# Problem requirements
Retype all of the data word for word, without pictures.

# Data block
Content starts
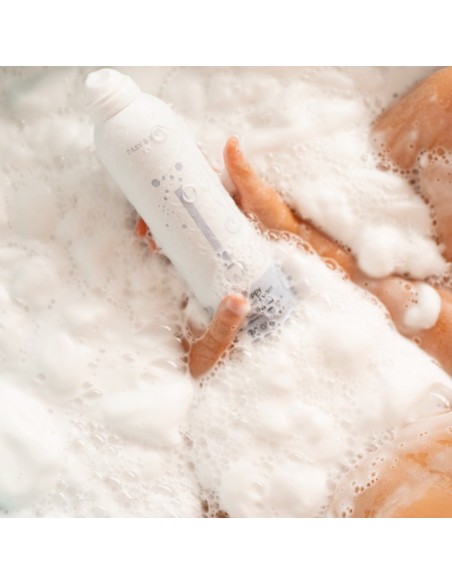 NAÏF - Beebide ja laste looduslik dušivaht päevalilleseemneõliga 200ml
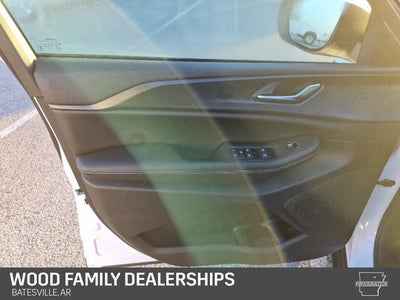 2027 Jeep Grand Cherokee GRAND CHEROKEE LAREDO X 4X4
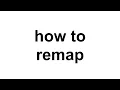 how to remap like a jugg editor on star prolly the best tutorial youll ever find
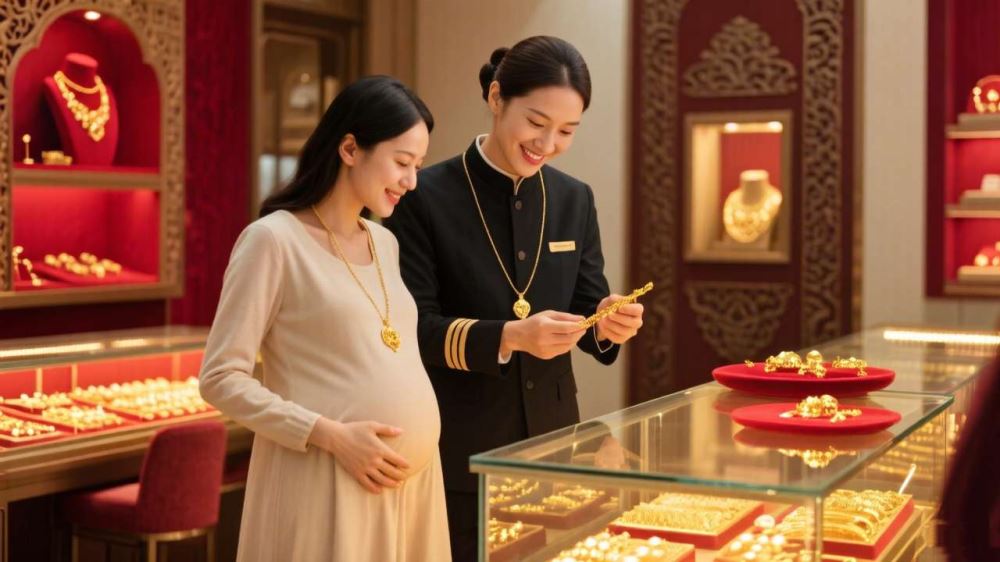 黄金珠宝店如何与月子中心合作？(2026.3.7)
Content ends
# Response area
 NAÏF - Beebide ja laste looduslik dušivaht päevalilleseemneõliga 200ml
 2027 Jeep Grand Cherokee GRAND CHEROKEE LAREDO X 4X4
 how to remap like a jugg editor on star prolly the best tutorial youll ever find
 黄金珠宝店如何与月子中心合作？(2026.3.7)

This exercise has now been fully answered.